While the most massive police manhunt in New York history ended with the arrest late Wednesday of the man authorities say is the "Son of Sam," the controversy over the drumbeat of news coverage surrounding the case is just now coming to a head.

Falling into the usually fallow news period of the August dog days, word of the arrest of 24-year-old David Berkowitz as the suspected .44-cal. killer who terrorized New York City for more than a year dominated headlines not only here but around the world.

London's sensational tabloids gave the story larger headlines than Queen Elizabeth's controversial visit to violence-wracked Northern Ireland. Even the Vatican's ultraconservative daily had a page-one report about "Figlio di Sam."

In New York City, newsstands reported the greatest demand for papers since the assassination of President Kennedy in 1963. Enlarged press runs of the city's three dailies were quickly snapped up.

The New York Post Thursday sold more than 1 million copies - about 500,000 more than usual - with editions that blared the one-word headline "Caught!" in 2 1/2-inch crimson type over a picture of Berkowitz.

The Daily News, the country's largest circulation daily, increased its 1.9 million press run by 400,000 copies only to find this was inadequate.
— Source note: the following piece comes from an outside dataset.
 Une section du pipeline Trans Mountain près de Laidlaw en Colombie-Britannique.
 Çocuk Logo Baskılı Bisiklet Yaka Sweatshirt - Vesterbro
And copies of The New York Times, which increased its run by about 50,000 also quickly disappeared.

On television, the local and network newscasts blanketed the story. ABC took up nearly 19 minutes of its halfhour show Thursday night with "Son of Sam" stories. And Barbara Walters anchored her portion of the program from New York police headquarters.

But amidst the public's apparently insatiable desire for news about Berkowitz and what makes him tick, some serious questions are being asked.

Did the press, particularly the city's two tabloid newspapers, the News and the Post, in competing for sensational new angles on the story, egg on the killer and needlessly heighten the atmosphere of fear that pervaded the city prior to the suspect's capture? Or did the stories help to smoke him out?

And now that suspect Berkowitz is in custody, the question has been raised as to whether the unprecedented volume of publicity makes a fair trial possible.

Probably the most pointed criticism of the press coverage in the case voiced so far is in the current issue of the New Town" section opens with a comment on the "Son of Sam" case that charges "just about everything done by the press here - especially by the Post and the News - has made a bad situation worse for the residents of New York."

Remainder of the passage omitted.